After a months-long national search, Western Washington University has selected Katy Potts as the new chief of the University Police. The announcement was made on Oct. 31, and Potts will begin her new position in the new year.
The search for a new police chief began after former WWUPD Director and Chief Darin Rasmussen was hired into the new position of assistant vice president for Risk, Ethics, Safety and Resilience in February. Rasmussen was chief of police at Western for eight years.
Potts will be moving to Bellingham from South Carolina, where she lived for three years. She worked in Georgia at Augusta University’s Police Department for three years as a captain. Potts said that working at Western’s police department will be different from Augusta University because Western is larger and has more of an on-campus residential community.
The Front asked our readers over Instagram what they wanted us to ask Potts about during our interview with her. One question that a follower and Western student requested that we ask was, “Is there anything about WWU’s police force that you plan on changing or improving?”
Potts said that before she makes any firm plans to make changes or improvements to WWUPD, she wants to get to know more of the employees and see where there are needs within the department.
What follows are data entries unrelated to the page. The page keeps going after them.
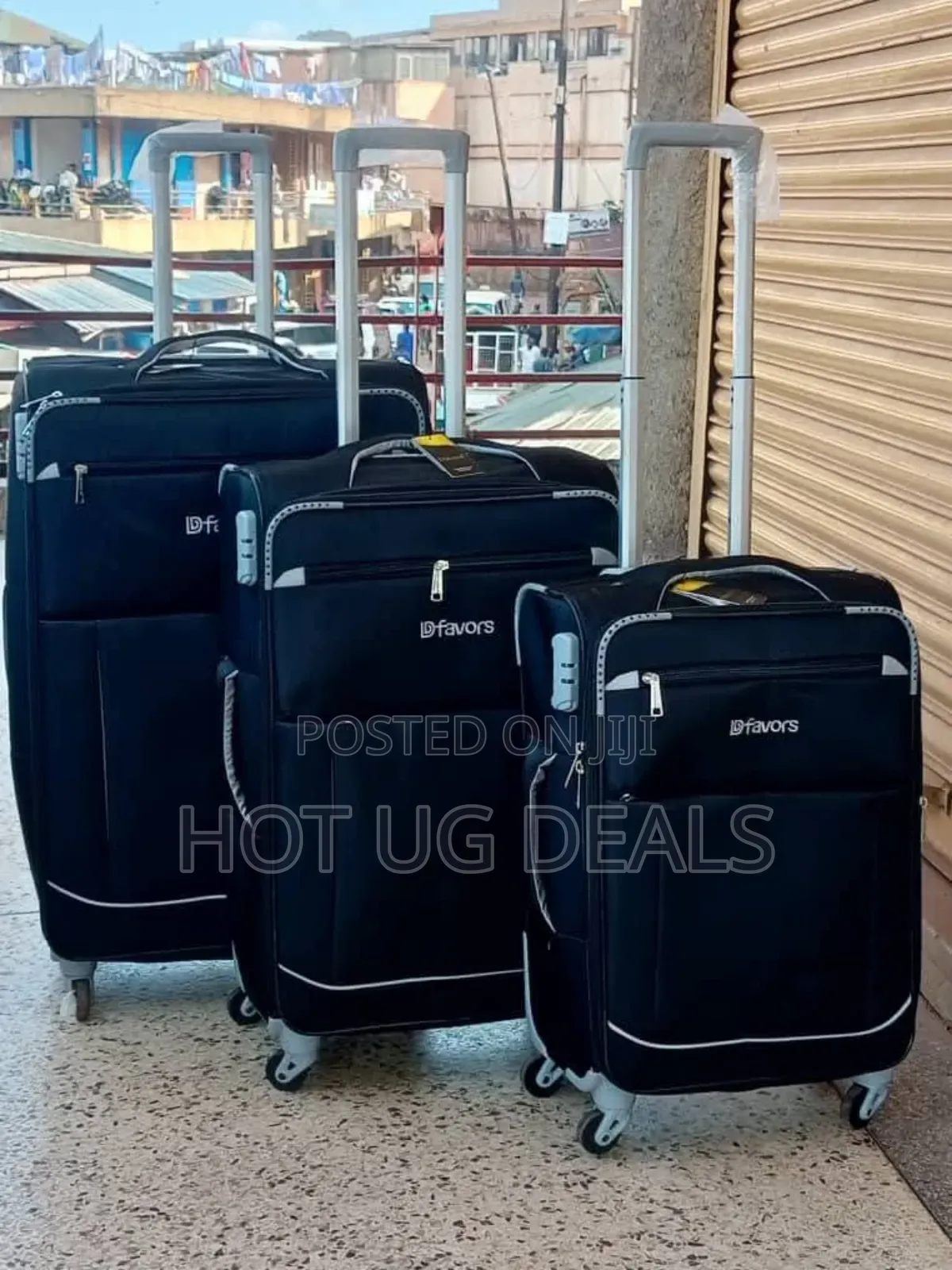 Large Size (Big) Cloth Fabric Travel Suitcase - Black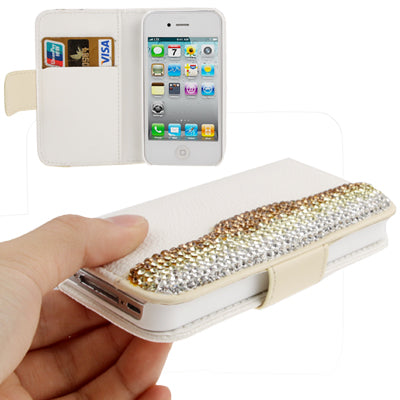 Diamond Encrusted Litchi Texture Horizontal Flip Leather Case with Credit Card Slots for iPhone 4 & 4S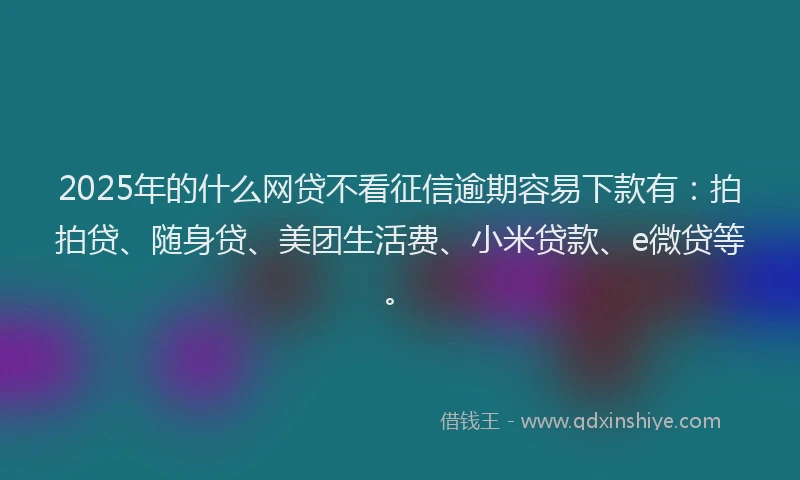 2025年的什么网贷不看征信逾期容易下款有：拍拍贷、随身贷、美团生活费、小米贷款、e微贷等。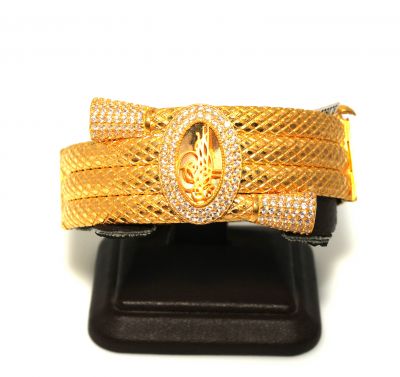 22K Gold Snake Patterned Ottoman Emperor's Signature Bangle - 6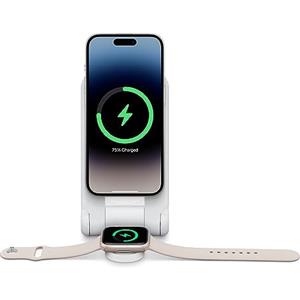 OtterBox 2-in-1 Fast Charge Folding Powerbank, carica portatile 10,000 mAh con MagSafe e USB-C Output, indicatore LED, sottile e leggera, design durevole per iPhone e Apple Watch, Bianca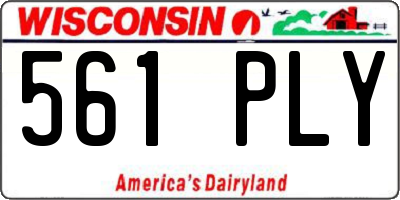 WI license plate 561PLY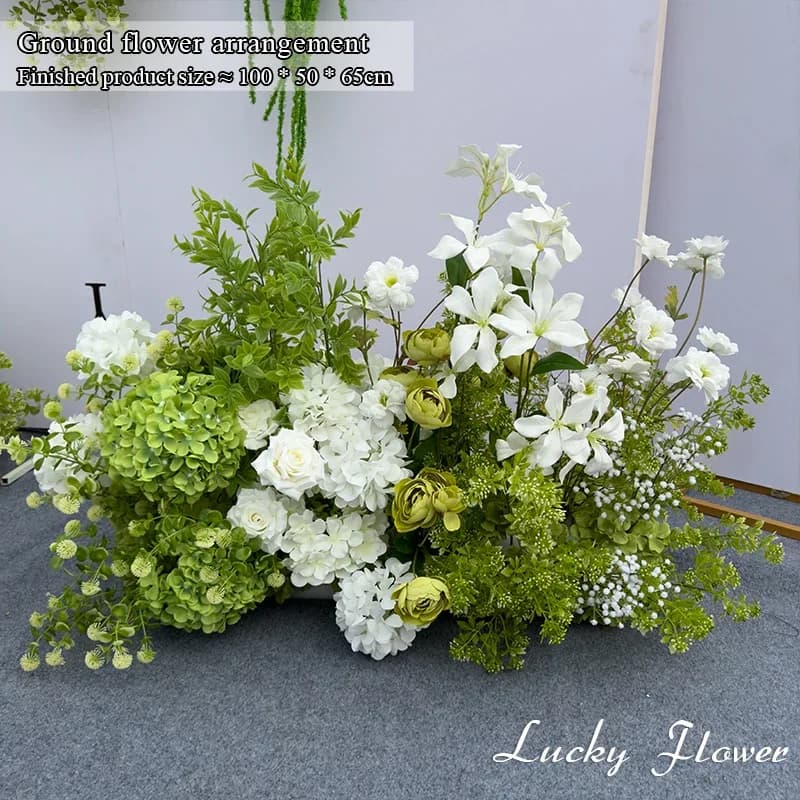 Outdoor Wedding Decoration Artificial Flowers Floral Backdrop Arrangement Home Decor Hanging Flower Row Road Lead Flower Ball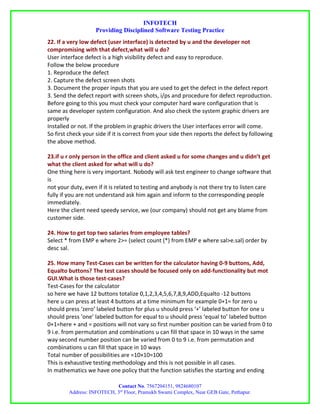 Manual testing interview question by INFOTECH | DOC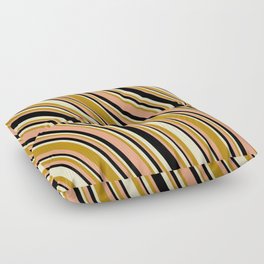 [ Thumbnail: Bisque, Dark Goldenrod, Light Salmon & Black Colored Stripes/Lines Pattern Floor Pillow ]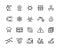 Chemical line icons. Toxic chemicals, laboratory equipment, scientific research molecular formula. Scientific symbols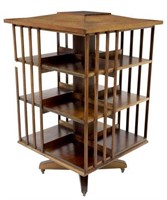 AMERICAN OAK ROTATING BOOKCASE LIBRARY STAND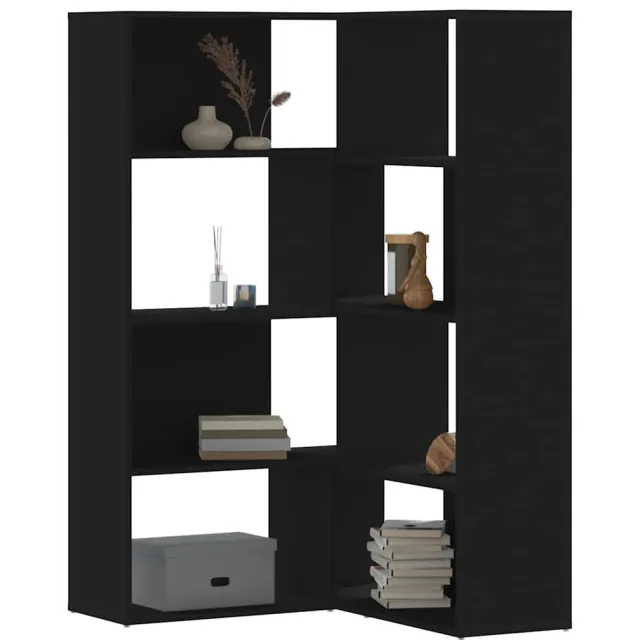 vidaXL Boekenkast 4-laags hoek 85x85x140 cm bewerkt hout zwart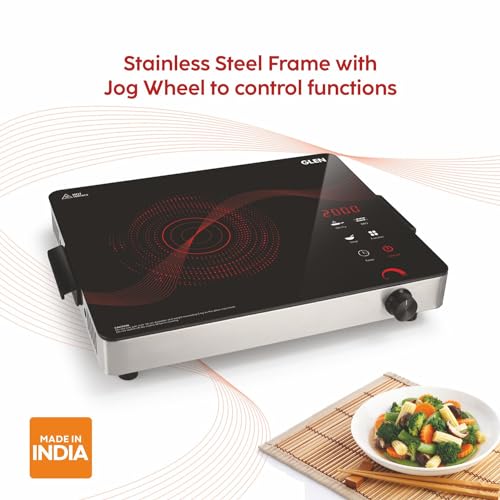 Glen 2000W Infrared Cooktop Stove with Grill Rack for Barbecue, Crystal Glass Plate, Digital Display, 3 Preset Cooking Modes, Touch Control, Infrared Hot Plate (SA3074_Infra) - Image 2
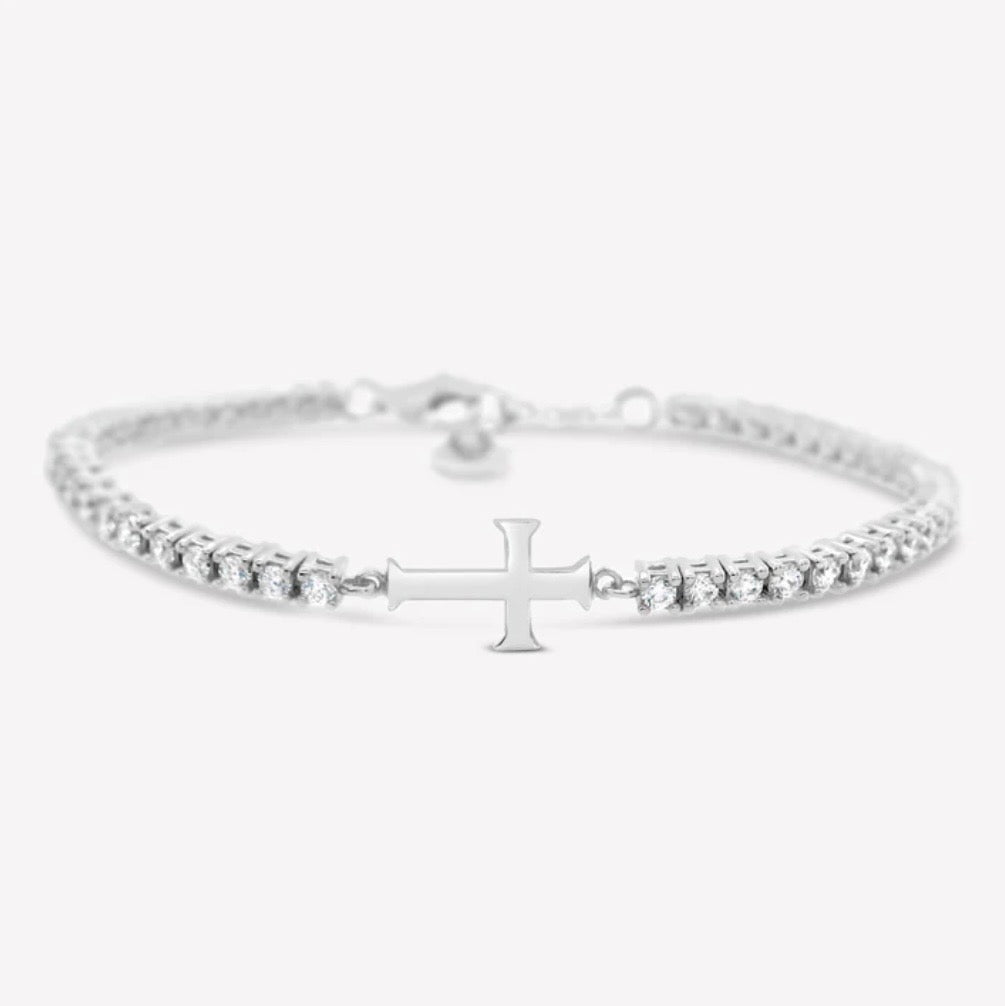 LUMINOUS CROSS TENNIS BRACELET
She said she plans to utilize community engagement and connect the police department with campus organizations like the Multicultural Center, LGBTQ+ Western and Western’s athletics department.
“One of the big things that I did hear from the police department is that they want to be engaged with the students and they're just looking for ways and a plan to have [engagement], and I am definitely somebody who is a planner,” Potts said.
When asked another question about how she would foster anti-racism on Western’s campus, Potts referenced the concepts of accountability and outreach.
“Just on a day-to-day basis, it's to be out and listening, and this actually came up in my interview; it's really to just listen. It's not there to make excuses. It's not there to explain ourselves away,” Potts said.
The committee to hire Potts began work in May and was comprised of 11 members of Western’s campus community including students, staff and faculty.
Joyce Lopes, Western’s vice president for business, finance and administration, said that because the vacancy for the chief of police position was created in the spring, the university waited until the fall quarter began to interview applicants to ensure that there was enough time while class was in session to select from a pool of candidates.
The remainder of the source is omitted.